Entry of Aging-Associated Enzymes into Human Genetic Material

An enzyme that controls aging and other metabolic processes accesses human genetic material to modify gene expression within the cell, according to a new study. Images of a sirtuin enzyme bound to a nucleosome, a tightly packed complex of DNA and proteins called histones, have been created by a team led by Penn State researchers.

New images of the SIRT6 sirtuin enzyme—which regulates aging and other metabolic processes—help explain how it is able to access genetic material within the cell. This cryo-electron microscopy map shows the enzyme in complex with the nucleosome, a tightly packed complex of DNA and proteins called histones. Image Credit: Song Tan lab / Penn State.

These images demonstrate how the enzyme navigates the nucleosome complex to gain access to both DNA and histone proteins and clarify how it works in humans and other animals.

The findings were published in the journal Science Advances on April 14^th, 2023.

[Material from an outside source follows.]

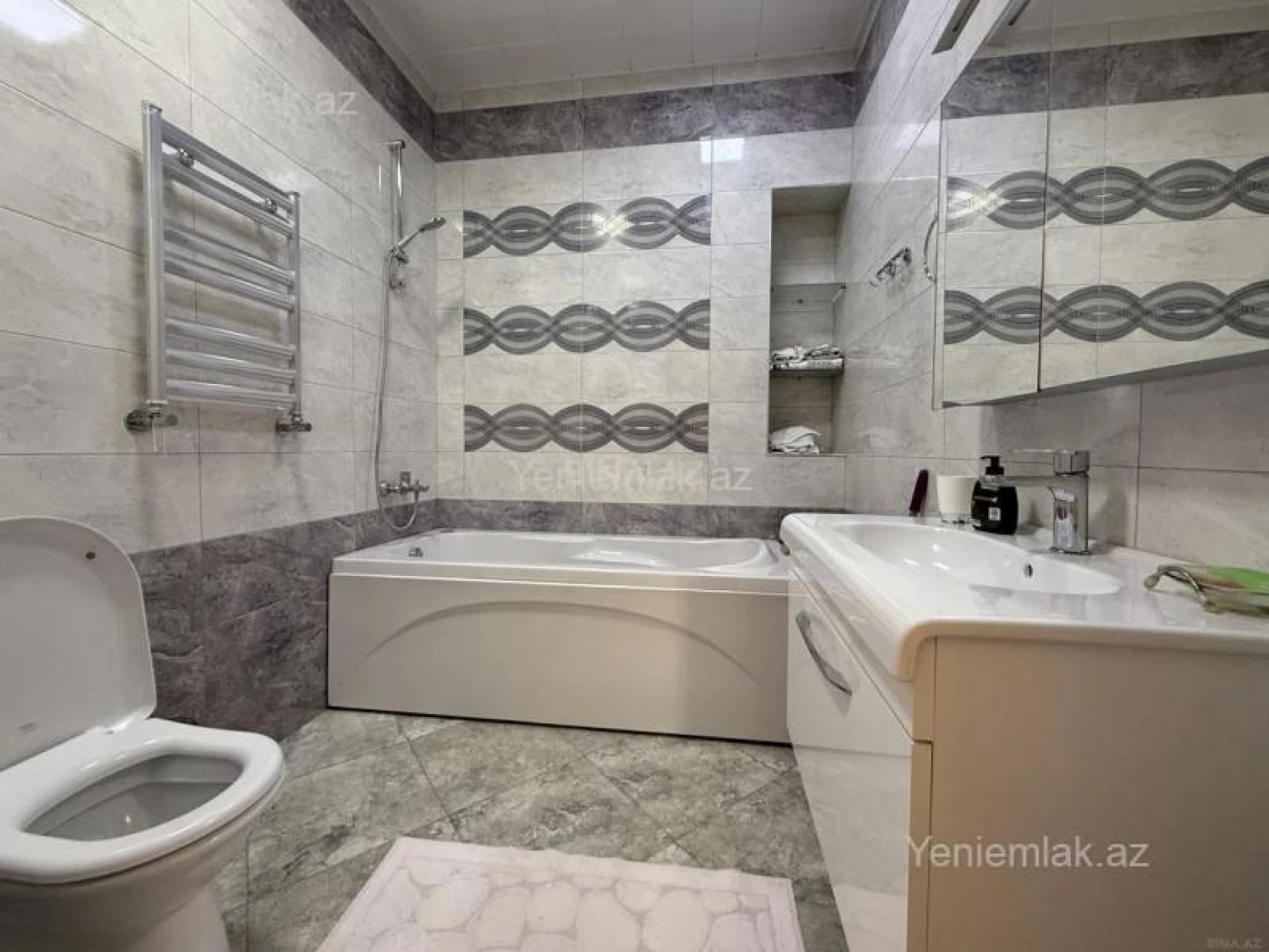 Satılır 3 otaqlı yeni tikili 143 m²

Sirtuins are an enzyme type that is present in a wide range of organisms, including humans and bacteria. They are crucial for aging, detecting DNA damage, and controlling tumor growth in several cancers.

Pharmaceutical businesses are looking at the possibilities for biomedical applications due to these diverse tasks. A lot of attention has been paid to some sirtuins’ capacity to suppress gene expression by removing a chemical flag from histone proteins.

In our cells, DNA is not naked like we see it in textbooks; it is spooled around proteins called histones within a large complex called the nucleosome. This packaging can also contribute signals for turning on or turning off genes: Adding an ‘acetyl’ chemical flag to the histone packaging material turns on a gene, while removing the acetyl flag turns the gene off.”

Song Tan, Study Author and Verne M. Willaman Professor, Molecular Biology, Pennsylvania State University

Tan added, “Sirtuins can silence gene activity by removing the acetyl flag from histones packaged into nucleosomes.  Understanding how sirtuins interact with the nucleosome to remove this flag could inform future drug discovery efforts.”

Previous research has concentrated on how sirtuins interact with short segments of histones in isolation, owing to the fact that such histone “tail” peptides are much easier to deal with in the lab. Tan stated that the nucleosome is a hundred times larger than the conventional histone peptides utilized in previous studies, making it considerably more difficult to deal with.

We have visualized a sirtuin enzyme called SIRT6 on its physiologically relevant substrate — the entire nucleosome. And we found that SIRT6 interacts with multiple parts of the nucleosome, not only the histone where the acetyl flag is to be modified.”

Jean-Paul Armache, Study Author and Assistant Professor, Biochemistry and Molecular Biology

The researchers recognized how SIRT6 positions itself on the nucleosome to remove an acetyl group from the K9 position on the histone H3 using cryo-electron microscopy with instruments at the Penn State Cryo-Electron Microscopy Facility, the National Cancer Institute, and the Pacific Northwest Cryo-EM Center.

Their findings were then supported by additional biochemical research, carried out in partnership with Craig Peterson's team at the University of Massachusetts Chan Medical School.

The study’s findings revealed that SIRT6 attaches to the nucleosome by a mechanism known as an “arginine anchor.” Several proteins that target a particularly acidic area on the nucleosome's surface employ this type of binding, which Tan’s group first revealed in 2014. In this instance, an extended loop, a structural characteristic of SIRT6, nestles into an acidic patch’s divot, resembling a pipe in a ditch.

Tan added, “The arginine anchor is a common paradigm for how many chromatin proteins interact with the nucleosome. When we mutated the SIRT6 arginine anchor, the activity at the K9 position was severely affected, supporting a critical role for the SIRT6’s arginine anchor. Surprisingly, this mutation also impacted SIRT6’s enzymatic activity at a different position, K56, located much further away.”

It is plausible that SIRT6 binds to the nucleosome to access K9 in a way that also could provide access to K56, as opposed to binding to the nucleosome in two distinct ways to access the two different histone locations.

Armache further stated, “SIRT6 binds to a partially unwrapped nucleosome, with DNA displaced from the end of the nucleosome. This exposes the K56 position, and it is possible that SIRT6 could essentially lean down to reach that position. We would like to validate this hypothesis in the future. We also hope to explore how SIRT6 works alongside other enzymes and to better understand its role in the response to DNA damage.”